2. Description of the Related Art
A cold cathode fluorescent lamp (CCFL) has fluorescent material coated onto its interior wall of a glass tube. The CCFL has electrodes attached to both ends of the tube, where tens of Torr of gas mixtures and a predetermined amount of mercury are sealed. The CCFL bears plenty of advantages such as high brightness, high color rendering, low power consumption of 2.0 W to 5.0 W, long useful life of 15,000 to 60,000 hr in a rated lamp current. Therefore it is well-utilized as a lighting device such as an LCD back-light. However, the CCFL exhibits large impedance if current is not applied and smaller impedance once current is applied and the lamp is ignited. A driving voltage necessary to start the CCFL is at least 1300V and the voltage after ignition is at least 800V.
Consequently, an output voltage standard should be at least 1300V in case of starting the CCFL. Also even in the open-lamp condition, a high voltage standard of at least 1300V should be outputted during a predetermined period of time.
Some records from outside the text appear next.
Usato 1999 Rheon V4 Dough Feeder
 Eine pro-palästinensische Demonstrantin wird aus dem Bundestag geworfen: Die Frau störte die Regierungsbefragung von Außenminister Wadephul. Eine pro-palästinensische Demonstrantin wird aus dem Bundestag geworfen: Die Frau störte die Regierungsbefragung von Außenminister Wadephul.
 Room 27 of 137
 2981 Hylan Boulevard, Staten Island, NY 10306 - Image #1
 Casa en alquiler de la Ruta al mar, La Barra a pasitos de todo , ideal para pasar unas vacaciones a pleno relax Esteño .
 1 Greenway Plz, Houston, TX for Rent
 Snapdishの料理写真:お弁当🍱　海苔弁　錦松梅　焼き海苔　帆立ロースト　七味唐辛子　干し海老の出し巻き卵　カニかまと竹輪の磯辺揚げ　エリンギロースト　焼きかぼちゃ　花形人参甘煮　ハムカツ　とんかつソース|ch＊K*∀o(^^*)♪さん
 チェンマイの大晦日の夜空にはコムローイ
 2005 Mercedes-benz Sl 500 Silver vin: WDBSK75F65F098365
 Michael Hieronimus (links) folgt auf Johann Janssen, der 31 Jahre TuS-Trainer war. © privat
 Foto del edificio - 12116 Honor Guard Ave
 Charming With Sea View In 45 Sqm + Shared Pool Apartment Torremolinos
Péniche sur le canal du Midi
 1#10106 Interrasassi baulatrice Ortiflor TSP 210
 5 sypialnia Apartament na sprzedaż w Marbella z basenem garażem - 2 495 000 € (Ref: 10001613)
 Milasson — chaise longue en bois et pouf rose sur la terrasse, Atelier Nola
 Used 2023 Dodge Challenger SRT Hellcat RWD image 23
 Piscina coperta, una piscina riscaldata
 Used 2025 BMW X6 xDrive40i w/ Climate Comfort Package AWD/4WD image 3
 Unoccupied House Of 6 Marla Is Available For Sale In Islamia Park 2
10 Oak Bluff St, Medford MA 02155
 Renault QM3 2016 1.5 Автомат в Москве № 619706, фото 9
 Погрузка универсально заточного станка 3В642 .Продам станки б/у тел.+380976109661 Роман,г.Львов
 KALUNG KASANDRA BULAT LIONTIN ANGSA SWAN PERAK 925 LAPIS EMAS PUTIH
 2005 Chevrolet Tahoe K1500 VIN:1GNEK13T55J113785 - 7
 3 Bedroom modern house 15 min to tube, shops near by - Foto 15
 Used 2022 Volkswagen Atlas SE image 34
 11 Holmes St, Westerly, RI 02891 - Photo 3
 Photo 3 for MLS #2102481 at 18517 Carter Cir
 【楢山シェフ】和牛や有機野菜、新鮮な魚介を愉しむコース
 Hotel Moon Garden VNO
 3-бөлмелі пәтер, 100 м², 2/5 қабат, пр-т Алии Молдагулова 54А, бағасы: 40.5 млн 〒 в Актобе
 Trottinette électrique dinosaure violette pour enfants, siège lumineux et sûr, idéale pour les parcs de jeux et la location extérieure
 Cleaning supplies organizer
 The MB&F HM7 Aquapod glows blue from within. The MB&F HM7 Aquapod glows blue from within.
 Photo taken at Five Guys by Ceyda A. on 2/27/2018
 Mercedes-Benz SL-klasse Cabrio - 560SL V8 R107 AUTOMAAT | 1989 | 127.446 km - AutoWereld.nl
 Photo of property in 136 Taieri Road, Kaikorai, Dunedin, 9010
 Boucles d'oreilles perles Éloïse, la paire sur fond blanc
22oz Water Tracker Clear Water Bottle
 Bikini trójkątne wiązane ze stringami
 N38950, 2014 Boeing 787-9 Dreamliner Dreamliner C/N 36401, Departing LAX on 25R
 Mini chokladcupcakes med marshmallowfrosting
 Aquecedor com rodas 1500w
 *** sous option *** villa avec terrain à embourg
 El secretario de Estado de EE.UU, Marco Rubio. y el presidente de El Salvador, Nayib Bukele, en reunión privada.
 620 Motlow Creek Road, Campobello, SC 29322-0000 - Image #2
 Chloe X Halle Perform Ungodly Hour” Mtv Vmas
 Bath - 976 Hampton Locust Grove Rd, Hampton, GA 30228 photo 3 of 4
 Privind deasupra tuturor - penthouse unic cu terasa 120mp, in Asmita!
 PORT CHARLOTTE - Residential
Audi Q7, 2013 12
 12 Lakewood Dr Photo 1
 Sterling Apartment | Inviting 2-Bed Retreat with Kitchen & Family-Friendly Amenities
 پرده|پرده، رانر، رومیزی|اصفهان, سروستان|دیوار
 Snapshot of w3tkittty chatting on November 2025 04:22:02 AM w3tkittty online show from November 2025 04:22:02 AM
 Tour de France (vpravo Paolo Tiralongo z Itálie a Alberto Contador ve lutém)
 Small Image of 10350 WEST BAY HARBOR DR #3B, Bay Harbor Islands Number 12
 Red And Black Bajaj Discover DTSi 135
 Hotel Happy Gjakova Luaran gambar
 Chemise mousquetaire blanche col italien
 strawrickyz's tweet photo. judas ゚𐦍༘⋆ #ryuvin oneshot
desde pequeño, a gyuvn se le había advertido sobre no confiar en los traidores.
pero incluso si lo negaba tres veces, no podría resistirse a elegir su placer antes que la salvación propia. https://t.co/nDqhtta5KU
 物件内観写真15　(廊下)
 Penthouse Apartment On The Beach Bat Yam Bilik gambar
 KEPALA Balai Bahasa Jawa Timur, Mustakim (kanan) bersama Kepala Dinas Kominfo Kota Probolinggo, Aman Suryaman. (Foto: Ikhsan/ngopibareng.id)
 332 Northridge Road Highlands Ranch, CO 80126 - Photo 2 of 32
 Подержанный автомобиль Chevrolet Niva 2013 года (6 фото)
FIG. 1 is a circuit diagram showing a driving apparatus for a CCFL according to the prior art. Referring to FIG. 1, a device for turning on/off the CCFL 10 comprises: an oscillator 11 for providing a reference clock; an PWM driver 12 for generating a PWM switching control signal having an on/off duty rate varied according to a predetermined cycle based on the reference clock provided by the oscillator 11; an inverter 13 for inverting an inputted current into alternating voltage, the inverter including two switching devices SW1, SW2 of a half-bridge structure which switch on and off alternately in response to the switching control signal outputted from the PWM driver 12; and a resonance circuit 14 for outputting the alternating current of a predetermined frequency inputted from the inverter 13 to a lamp.
A switching cycle of the inverter 13, or frequency of the outputted alternating current is fixed at ½ of the reference clock generated in the oscillator 11 by the PWM driver 12. However, the PWM controller 12 adjusts an on/off duty rate in response to the PWM control signal VPWM to control an outputted driving voltage and brightness of the lamp. In this case, as the switching signal has a longer “on” duration, the level of the voltage outputted to the lamp 10 becomes higher.
At this time, as shown in FIG. 1, the driving apparatus for the lamp of a half-bridge structure has a maximum duty rate of the switching control signal to be 50% or less. Thus, only control of a pulse width as stated above cannot satisfy the voltage standard for starting the lamp and the output voltage standard for an open lamp.